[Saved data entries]
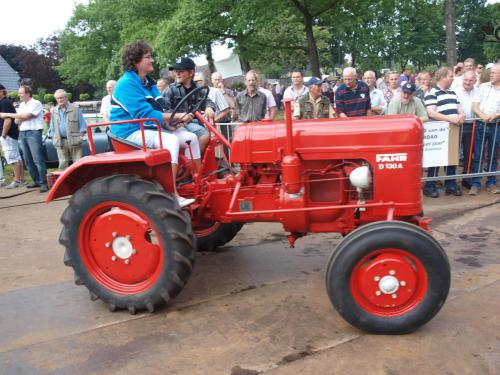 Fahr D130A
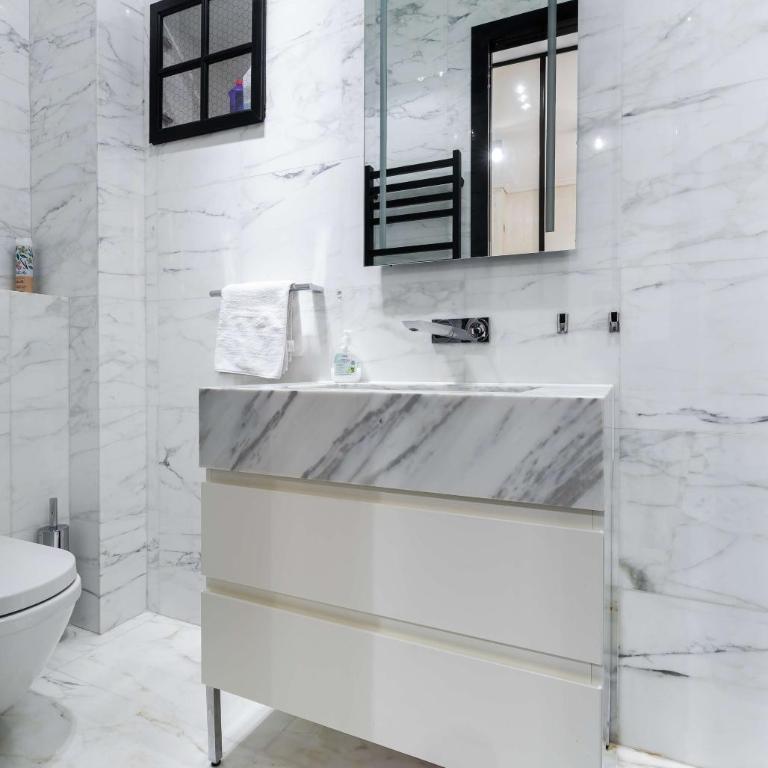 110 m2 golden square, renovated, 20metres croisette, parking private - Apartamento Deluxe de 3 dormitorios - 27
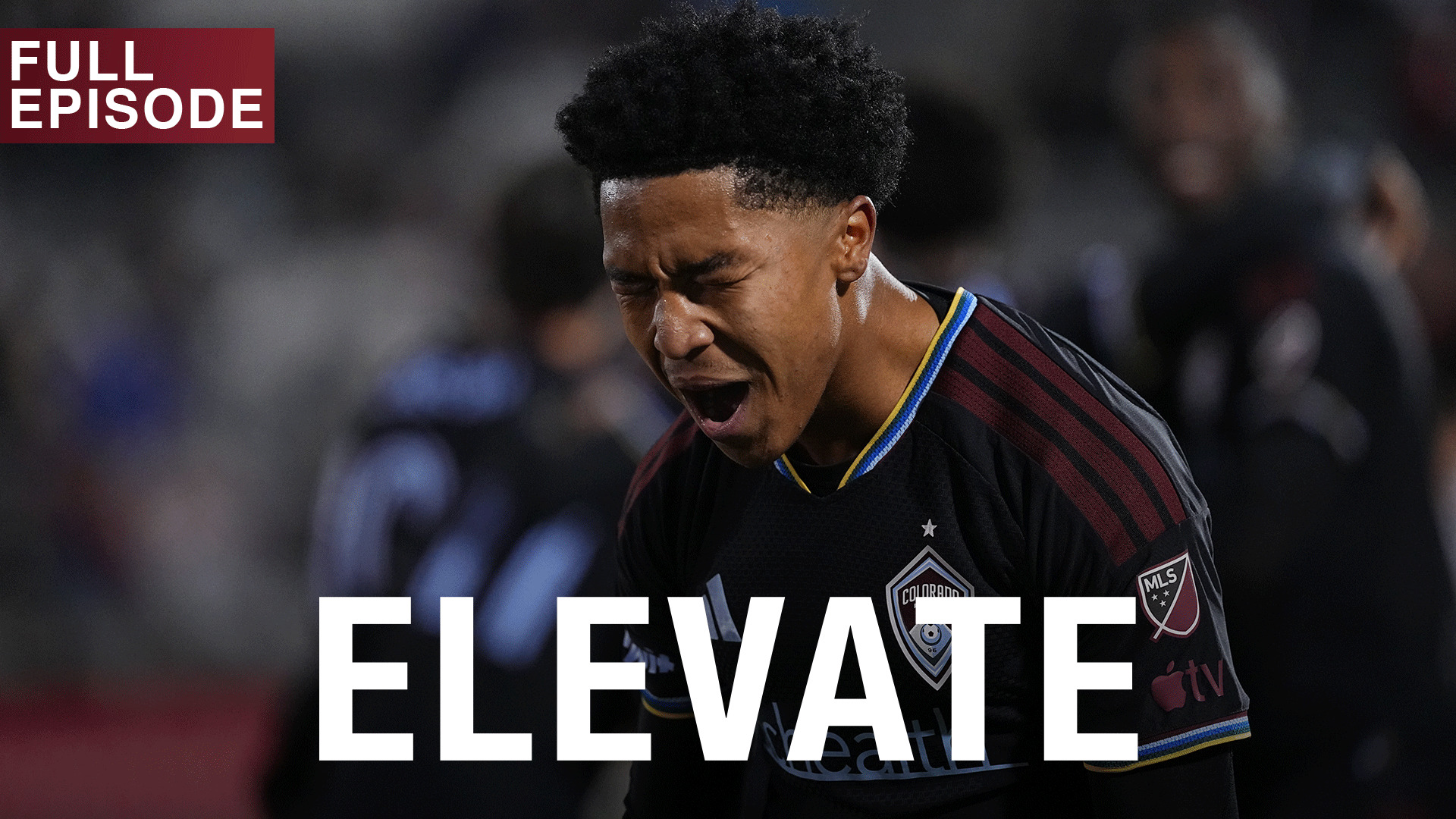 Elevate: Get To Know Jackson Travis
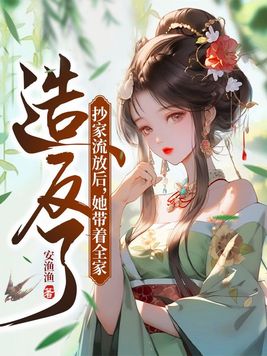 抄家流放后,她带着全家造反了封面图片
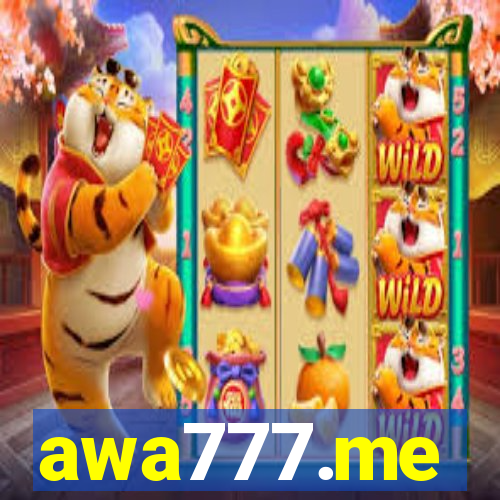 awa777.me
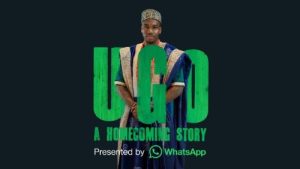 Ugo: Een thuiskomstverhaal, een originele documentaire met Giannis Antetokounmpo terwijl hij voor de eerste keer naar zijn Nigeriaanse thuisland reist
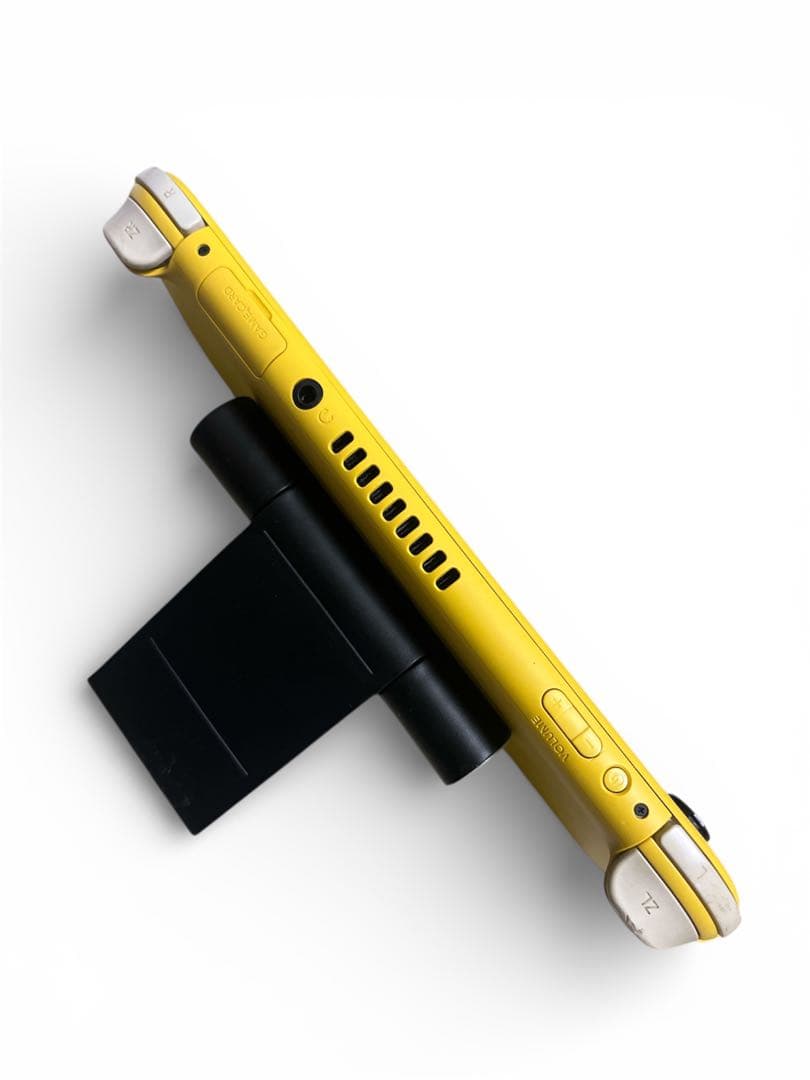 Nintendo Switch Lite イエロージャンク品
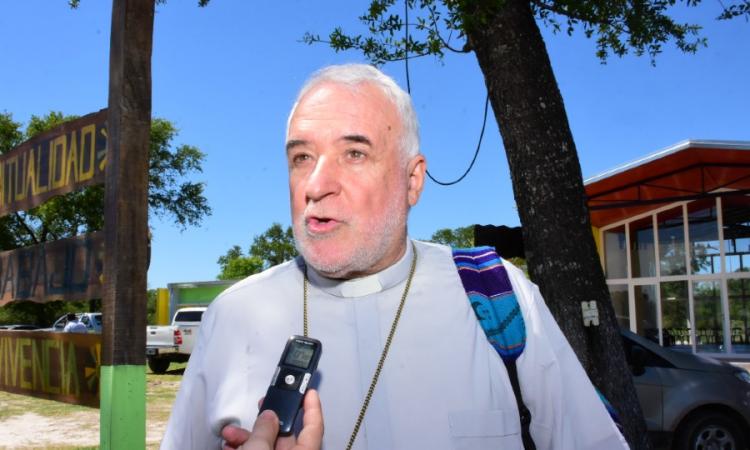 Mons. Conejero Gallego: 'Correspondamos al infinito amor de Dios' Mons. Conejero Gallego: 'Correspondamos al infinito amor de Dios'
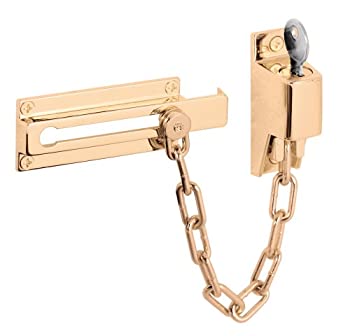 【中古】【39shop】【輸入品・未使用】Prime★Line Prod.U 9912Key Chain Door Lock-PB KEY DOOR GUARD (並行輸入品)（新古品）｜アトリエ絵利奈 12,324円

**WHAT YOU NEED TO DO**
Transcribe all the records above word for word, without their images.

**WRITTEN REPLY**
 Fahr D130A
 110 m2 golden square, renovated, 20metres croisette, parking private - Apartamento Deluxe de 3 dormitorios - 27
 Elevate: Get To Know Jackson Travis
 抄家流放后,她带着全家造反了封面图片
 awa777.me
 Ugo: Een thuiskomstverhaal, een originele documentaire met Giannis Antetokounmpo terwijl hij voor de eerste keer naar zijn Nigeriaanse thuisland reist
 Nintendo Switch Lite イエロージャンク品
 Mons. Conejero Gallego: 'Correspondamos al infinito amor de Dios' Mons. Conejero Gallego: 'Correspondamos al infinito amor de Dios'
 【中古】【39shop】【輸入品・未使用】Prime★Line Prod.U 9912Key Chain Door Lock-PB KEY DOOR GUARD (並行輸入品)（新古品）｜アトリエ絵利奈 12,324円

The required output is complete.